Let's unpack those dimensions:
Natalya Goncharova, Linen, 1913, Tate.
  1. Transformative: a threshold concept has potential to utterly change a student's sense of the subject. 
  2. Irreversible: once you've crossed the threshold, there's no going back. I had seen Natalya Goncharova's Linen many times but one day I half-closed my eyes and thought I saw a skull, and since then I've have been able to see it as I had before.
  3. Integrative: a discipline threshold has the potential to pull together everything you know about the subject. It reaches the parts other concepts don't reach. 
  4. Bounded: what works as a threshold concept in art history may not work as such in other subjects. It's what marks your subject as different from other subjects. 
  5. Troublesome. Discipline thresholds challenge previous assumptions and are often counter-intuitive.
There are also threshold practices - procedural thresholds - but we'll look at those in another post.

So what are the discipline thresholds in art history, and why are they important?
There are many ideas which structure our thinking about art, but few which are genuine thresholds, and which hold true across the discipline. There are also key areas of knowledge and important kinds of skill, but these can usually be acquired incrementally, whereas discipline and procedural thresholds can't - they tend to be a case of all-or-nothing.

I've taken a deep breath and written briefly about what I think may be the three most important threshold concepts, below.

We can talk about the artwork's meaning without knowing the artist's intentions. This is my top discipline threshold for two reasons. It's utterly transformative, and underpins almost all the really important and exciting concepts in art history, none of which will really make sense unless this one does. It's also troublesome because the idea that the artist is the only reliable source of meaning has had such a strong purchase on people's understandings of the creative process. I am convinced that if I was to show a painting to a final-year student - one who has passed exams on reception theory, postcolonialism, and so on - they would instinctively begin their search for meaning with reference to the artist and their personal circumstances and intentions.

There really is no such thing as Art.

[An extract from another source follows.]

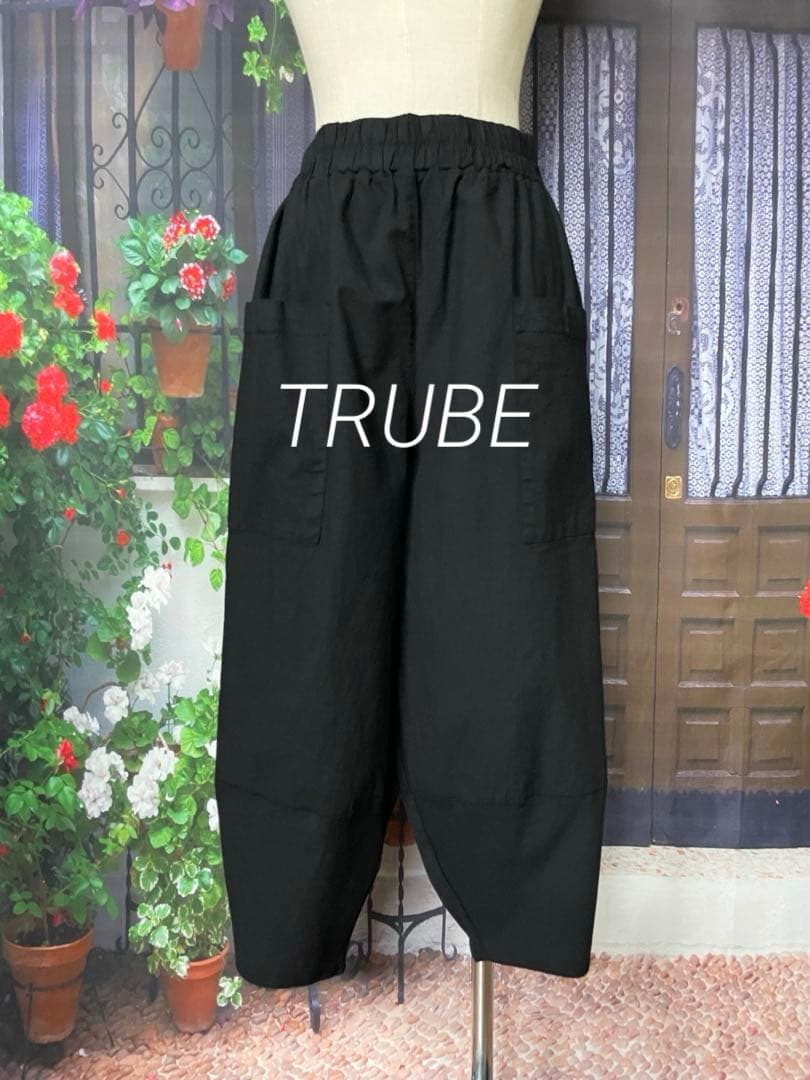 ロータス976新品TRUBE綿ストレッチコクーンパンツ(BK)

There are only art historians. I've travestied the opening words to E.H. Gombrich's The Story of Art in order to make the point that anyone who studies art history thinking it is about art is likely to get frustrated before long, since they may well entertain the view that as historians we are uncovering an artwork's meaning. (This is the view of art history that Dan Brown uses in The Da Vinci Code). But we don't uncover meaning, we produce it. A beginner's study of art history may well involve learning skills of visual analysis, and not involve much study of other historians' works, but a more sophisticated art historical practice has, at its heart, an understanding that meaning is made by historians, and that the real object of study in art history must be the work of other art historians - that is to say, other constructions of meaning - rather than the art itself.

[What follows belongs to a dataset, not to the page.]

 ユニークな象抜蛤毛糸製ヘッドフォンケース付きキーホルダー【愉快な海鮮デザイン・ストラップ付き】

Art doesn't reflect, it works. The art object isn't passive, it has an ontological status different from other kinds of object. I've challenged students about their use of 'reflect' on countless occasions, and while most seem to acknowledge the logic of preferring 'mediate' or some other verb to 'reflect', but few seem to grasp the vast implications that the different words signify, and the enormous possibilities that open up when we conceive of artworks having an active function.

Finally, and more briefly, why are threshold concepts important?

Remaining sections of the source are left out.